To me, "to be on a first-name basis" does not say much, at least in America.  Almost everyone in my life is (or thinks s/he should be) on a first-name basis whether I like it or not.  I think the more literal translations involving "form of address"  or "using the familar form of you" are preferable.

Japanese has something like 14 different levels of address.  Generally, in English when describing this aspect of Japanese people refer to the higher registers as "using the honorific form."


----------



## emma42

Je suis d'accord avec Polaire.  Je préférerais "I call my boss, "tu"", parce que il ny a aucun terme juste en anglais pour le traduire.  C'est mon avis.

De plus, je suis d'accord que la question de tutoyer et vouvoyer est beaucoup plus compliquée que texasweed a dit.  Il faut accepter que les français aiment beaucoup ces enfants!  Ce n'est pas  une question de respect simple.


----------



## polaire

texasweed said:
			
		

> Very interesting, Lyrwriter. Wish we saw you more around here.
> When told that "anglophones se tutoient" I always correct frenchies with "non, ils se vouvoient". Is that wrong then ? I've always assumed it came from the colonization time, *Victorian times* when wives said "vous" to their husband, and children to their parents. Wrong concept ? (That's really a question I'm asking here !)
> In any case, the fact of "tutoyer" a child as we do a dog *irks me*. Are they not worthy of respect simply because they're young ? What of Mozart at age 3 ? I have 13 and 16 year old students I insisted upon "vouvoyer" - THEY corrected me, and all I could say was "ok, si vous me tutoyez aussi"... Heck, every great mind was once a child. Past age 11, it gives me a hard time ! *Is that a French way of putting kids down, let them know adults are superior to them, that parents are their "boss" rather than their guide ? Ca m'est insupportable !*
> 
> "On a first-name basis" is the only possible translation, but doesn't convey the derogatory meaning I *so resent* (as concerns children.)


Obviously you're entitled to your opinion, but to an American who lives in an area where people are obnoxiously child-centered, it's funny.


----------



## linguist786

Seems like my suggestion's just been ignored 

I think it's the best one really - I even saw it translated like that in a book.


----------



## emma42

Oh, Linguist! Your translation is good, à mon avis, but _I _prefer _mine._ Obviously, _you _prefer _yours _because it's yours!

Well, if you've seen it in a book it must be right!


----------



## polaire

linguist786 said:
			
		

> Seems like my suggestion's just been ignored
> 
> I think it's the best one really - I even saw it translated like that in a book.


I thought yours was fine, too.  The only one that seemed to me to be not that helpful was "We're on a first-name basis."  In America, as I was saying, that means next to nothing.


----------



## linguist786

Personally, I don't think "to be on first name basis" is quite the same thing.

For example, in Gujarati, you could call somebody by their first name but you would still have to "vouvoyer" them.


----------



## polaire

linguist786 said:
			
		

> Personally, I don't think "to be on first name basis" is quite the same thing.
> 
> For example, in Gujarati, you could call somebody by their first name but you would still have to "vouvoyer" them.

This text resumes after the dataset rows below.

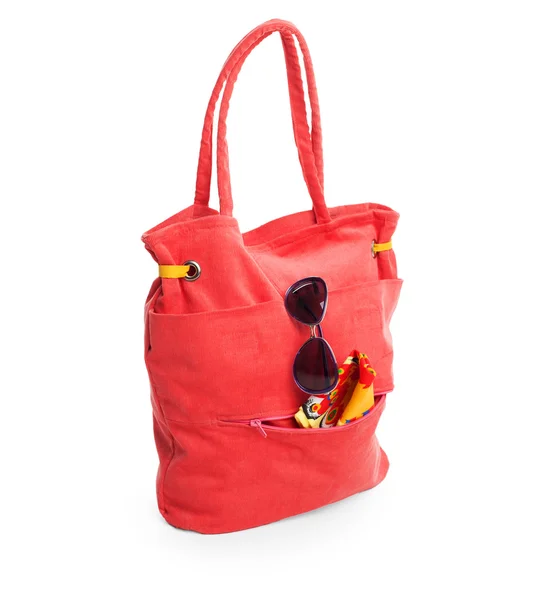 Červená plážovou tašku s brýlemi a ručník — Stock fotografie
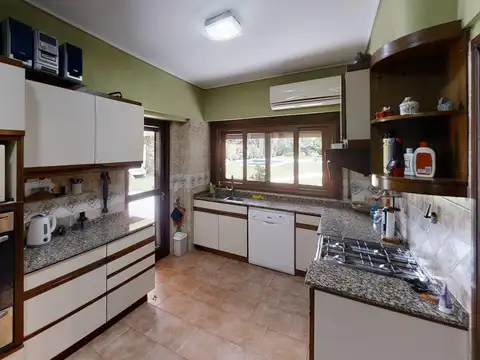 Casa 6 ambientes con 5 baños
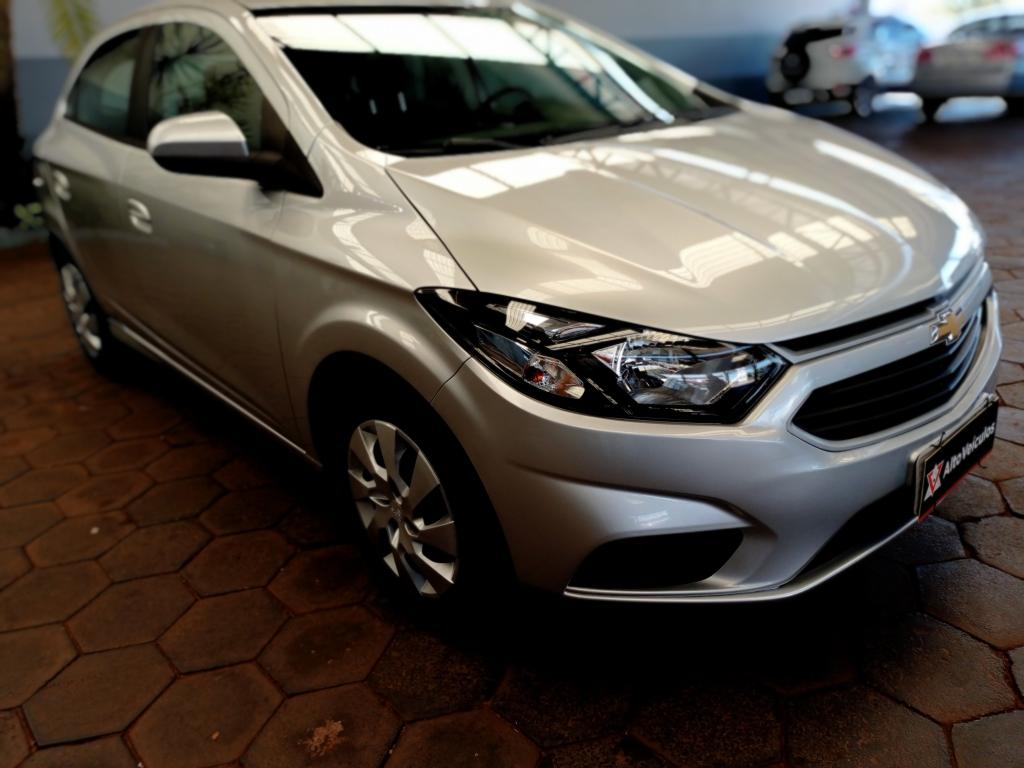 CHEVROLET Onix Hatch - Foto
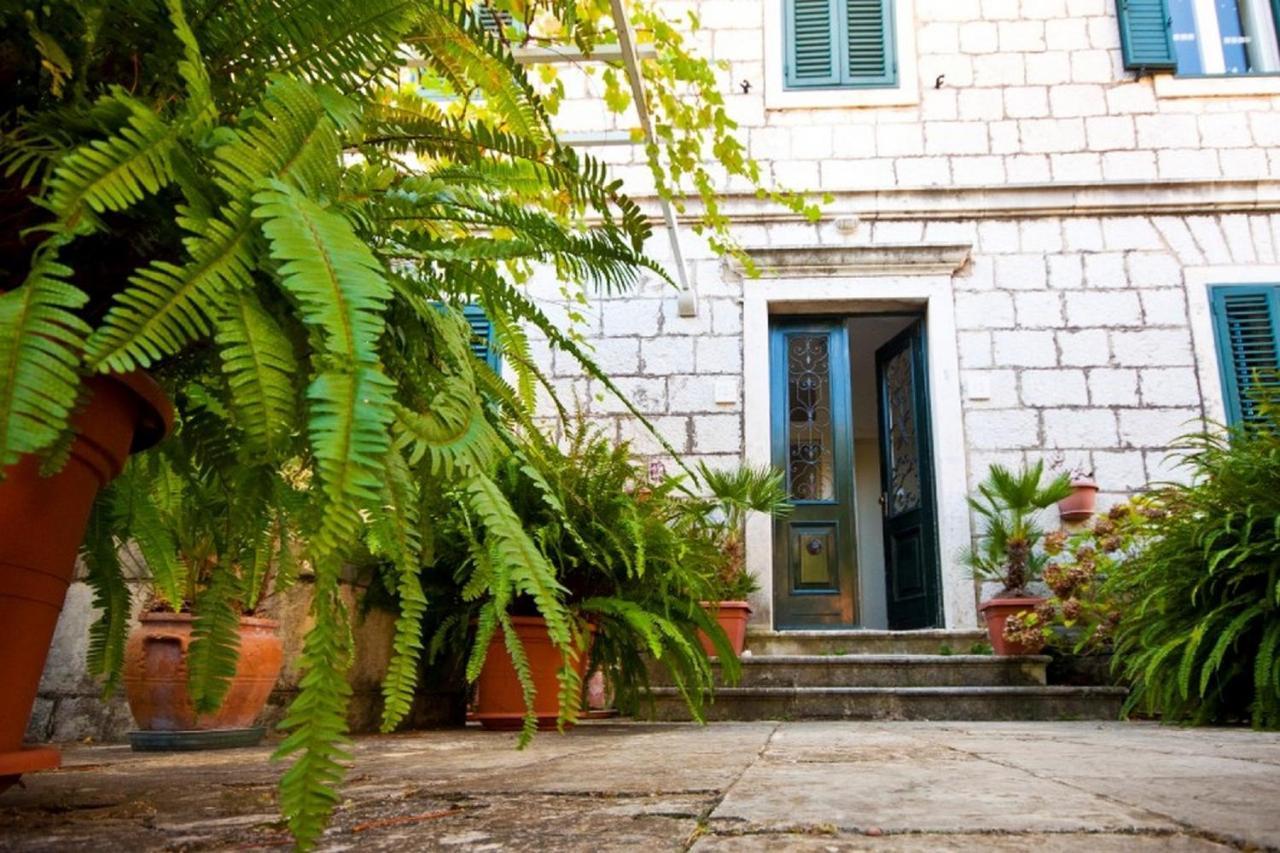 Apartments Sensa Dubrovnik Bagian luar foto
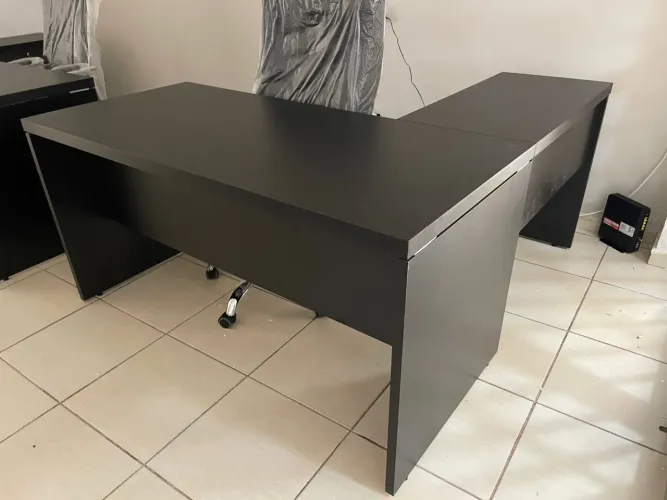 MESA DE ESCRITORIO 1.50x1.60 PT LOJA IKONOFFICE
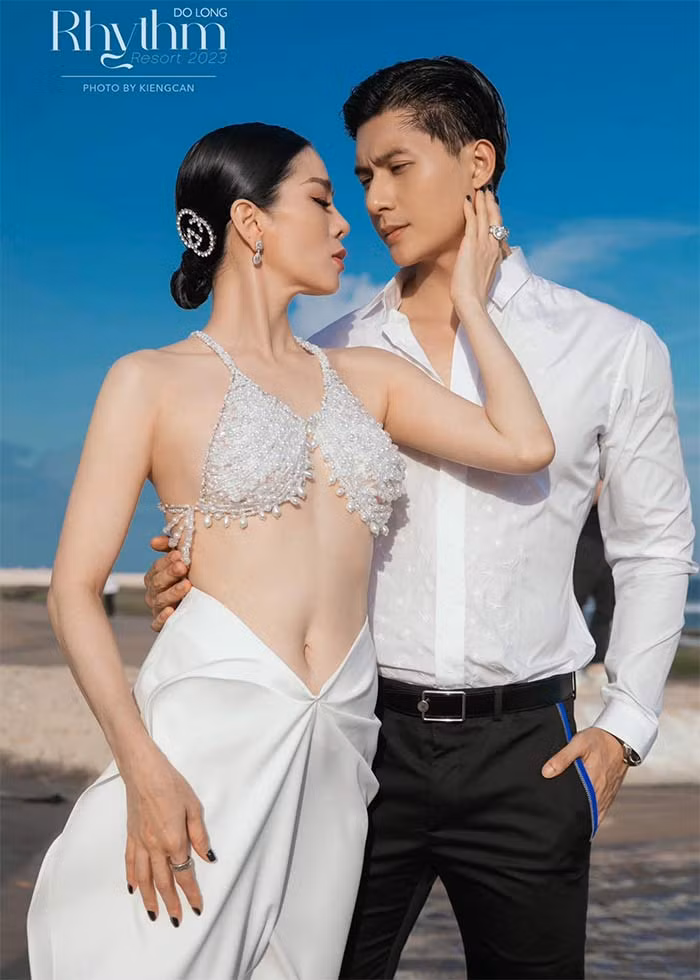 Vóc dáng, khuôn mặt của Lệ Quyên khi sánh đôi với người yêu kém 12 tuổi không hề khiến mọi người thấy có sự chênh lệch tuổi tác.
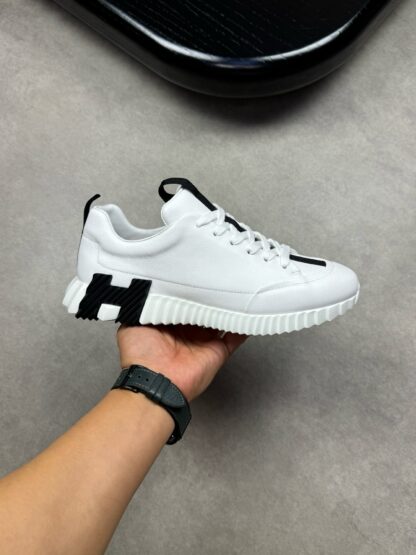 Hermes high-end noble white and black color matching thick-soled casual shoes - Image 4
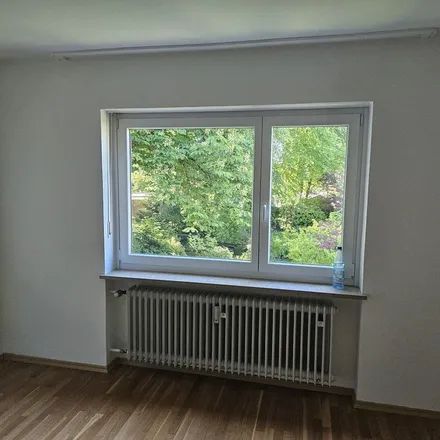 Rent this 3 bed apartment on München Klinik Harlaching in Sanatoriumsplatz 2, 81545 Munich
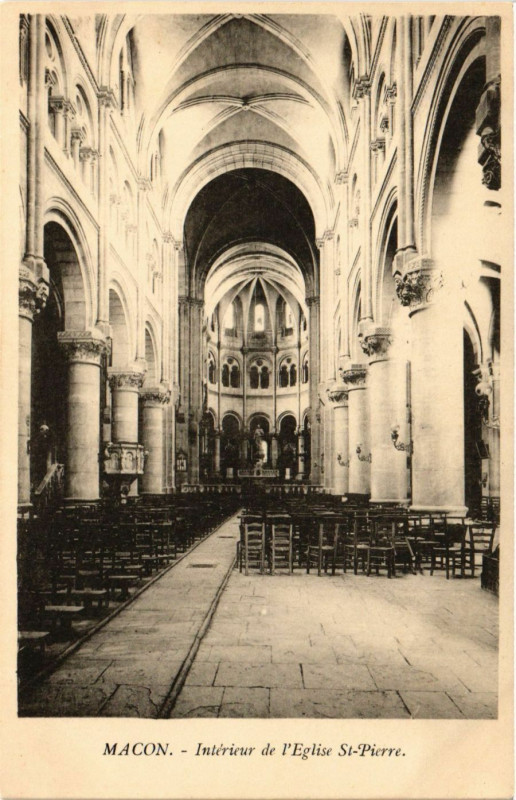 Carte postale ancienne Macon - Intérieur de Eglise Saint-Pierre à Mâcon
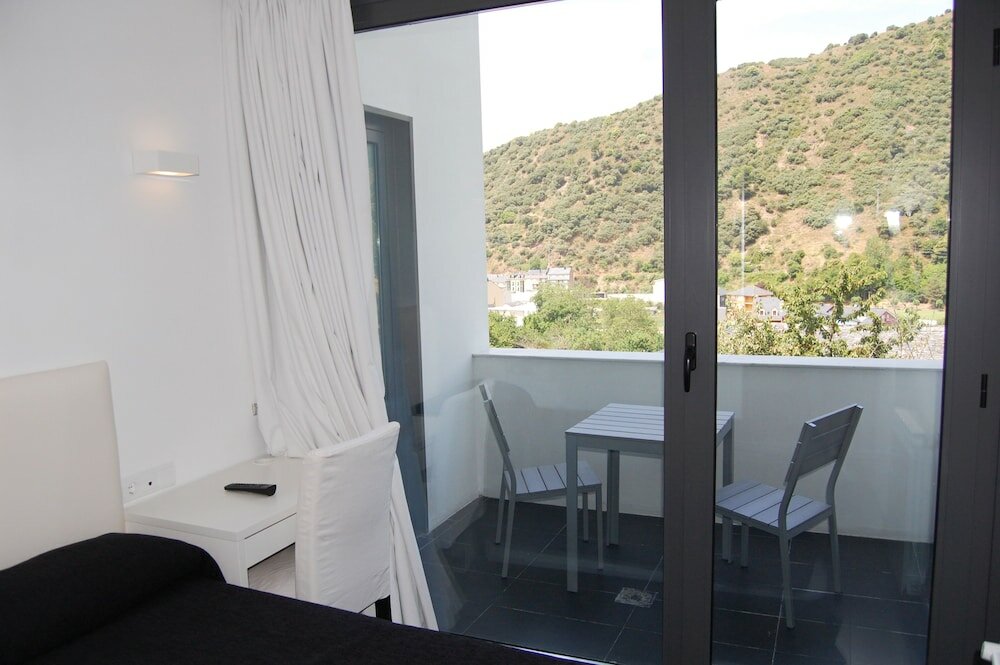 Фото Hostal Tres Campanas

I think that in the U.S. "to be on a first-name basis" used to convey a certain sense of intimacy, equivalent to being able to use "tu."


----------



## Cath.S.

linguist786 said:
			
		

> Personally, I don't think "to be on first name basis" is quite the same thing.
> 
> For example, in Gujarati, you could call somebody by their first name but you would still have to "vouvoyer" them.


I agree it would not be the same thing in French either, for instance a doctor might call you by your first name and still say _vous_ to you.

But it _might_ be an equivalent in languages that _do not_ have that tu/vous distinction.


----------



## polaire

egueule said:
			
		

> I agree it would not be the same thing in French either, for instance a doctor might call you by your first name and still say _vous_ to you.
> 
> But it _might_ be an equivalent in languages that _do not_ have that tu/vous distinction.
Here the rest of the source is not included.